Re: meaning of /o in regexes
by dakkar (Hermit) on Dec 06, 2002 at 12:48 UTC

    When you have a regexp with interpolation (as in your example), it normally gets recompiled each time it has to be executed, because the variables to be interpolated might have changed. This is slow, but is usually the right thing.

    If you are sure that the variables will not change (say, because they are set outside the loop in which the regexp is used), you can say /o to tell the compiler "don't worry, just compile this regexp the first time, the variables won't change".

    Now, if you do change the variables, you're cheating the compiler, breaking your promises, and so on. The compiler still trusts you, and will not recompile the regexp (hence the results of your test).

    This was all before qr//. Now I think it is the best way to avoid recompiling regexps.

    So, in short, yes, it is the only difference.

    -- 
            dakkar - Mobilis in mobile
    
Re: Meaning of /o in Regexes
by cjf-II (Monk) on Dec 06, 2002 at 12:30 UTC

    The /o modifier is used when you only want the pattern compiled once. So in the second pattern, $x will not be incremented and as such, only matches once.

    Update: Okay, I promise to read the questions in full before replying from now on (and this time I mean it! ;-). So to answer your actual question...

    The difference between qr// and the /o modifier as I understand it is that with /o you can never change the pattern, whereas with qr// you can compile the pattern to be used as part of a larger regex. As the good book shows:

    @regexes = (); for $pattern (@patterns) { push @regexes, qr/$pattern/; } for $item (@data) { for $re (@regexes) { if ($item =~ /$re/) { print "Matches!\n"; } } }

    I Hope that's slightly more helpful :).

      Thanks, But this part I understood, it is the comparison with qr that I am puzzeled about.
      ---------------------------
      Dr. Mark Ceulemans
      Senior Consultant
      IT Masters, Belgium

        Thanks, But this part I understood, it is the comparison with qr that I am puzzeled about.

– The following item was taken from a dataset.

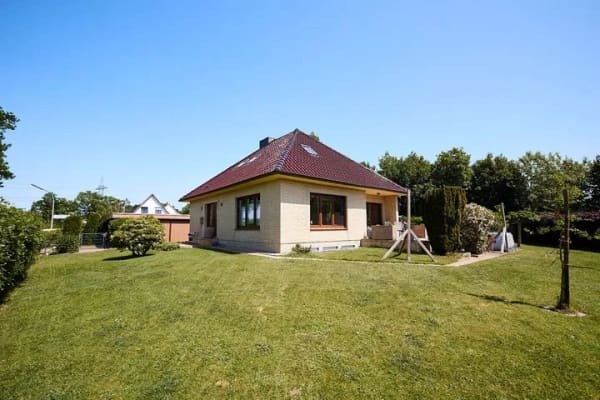 Immobilie in Heist - Modernisiertes Einfamilienhaus in familienfreundlicher Lage von Heist - Bild 1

        /o and qr// provide different services to the programmer:

        /o says 'Take this pattern and create a compiled regex that will not change for the life of the program'

        qr// says 'Take this pattern and return a special object that I can assign to a variable, interpolate into another pattern, pass to a subroutine, etc, etc, and as a side-effect creates a compiled form that I can use in pattern matches directly.'

(tye)Re: meaning of /o in regexes
by tye (Sage) on Dec 07, 2002 at 06:01 UTC

    First, I'll apologize. I haven't read every node in this thread in detail. But I think there are a few key points about /o that should be brought up that I didn't notice being mentioned.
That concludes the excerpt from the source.